Por duas vezes, pediu reaproveitamento no tribunal, sem ter resposta. Continuou com a mesma pena: “em disponibilidade”. “Nós temos essa pena, e a lei orgânica diz que, quando é aplicada, pode haver o reaproveitamento depois de dois anos, mas não disciplina como ele vai ser feito. Houve uma prática de colocar em disponibilidade e não fazer o reaproveitamento.”
É uma pena perpétua: você não volta. E, quando adquirir o tempo para aposentar, você aposenta. Há pressão dos tribunais para ninguém voltar. Fui apenado com uma pena menor, mas a pena [como juiz em disponibilidade] é maior
Caramuru Afonso Francisco, juiz em disponibilidade
Nas duas vezes em que foi pedido o reaproveitamento, Caramuru recebeu o mesmo despacho: “Aguarde-se melhor oportunidade”.
“Aguardava um ano e pedia de novo. Coloquei a segunda vez e fez de novo. O CNJ deu ganho de causa para mim. Mas eles nunca me colocaram de volta. Mandaram fazer perícia médica, acompanhamento psicossocial e agora o ponto em discussão é que dois desses juízes [Holland e Marco Antonio Silva Barbosa] estão criticando a prova.”
Como seus colegas, Caramuru diz ver uma "dupla oneração" --do magistrado afastado e da população, já que o tribunal continua pagando os salários dos juízes em disponibilidade.
“É uma pena perpétua: você não volta. E quando adquirir o tempo para aposentar, você aposenta. Há pressão dos tribunais para ninguém voltar. Se eu fosse apenado com a aposentadoria, como não há nada penal, poderia advogar e poderia fazer qualquer coisa na vida. Dar aula porque não era mais do quadro. Fui apenado com uma pena menor, mas a pena [como juiz em disponibilidade] é maior.”

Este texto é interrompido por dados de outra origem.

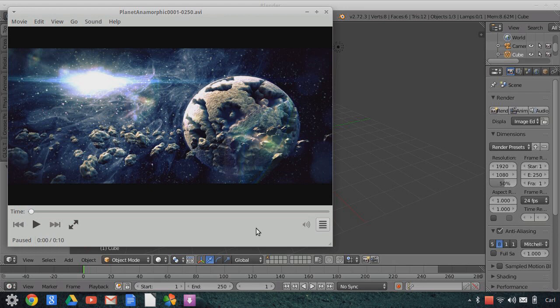Hello, this is Carl Irwin with Episode 6 of Hacking the Viewport, a tutorial series covering the options we have with rendering in OpenGL and GLSL inside of the Blender Viewport.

TJ-SP diz cumprir decisão do Conselho Nacional
Em nota, o Tribunal de Justiça de São Paulo afirmou que cumpre a decisão do Conselho Nacional de Justiça nos termos em que é determinada em processo revisional, substituindo ou cancelando a pena.
“Os magistrados Caramuru Afonso Francisco, Marcus Antonio da Silva Barbosa e Marcello Holland Neto solicitaram seu reaproveitamento no Conselho Nacional de Justiça e, diante do acolhimento do pedido por aquele órgão, o tribunal determinou instauração de procedimentos administrativos a aferir as condições de saúde e profissionais para legitimar o retorno.”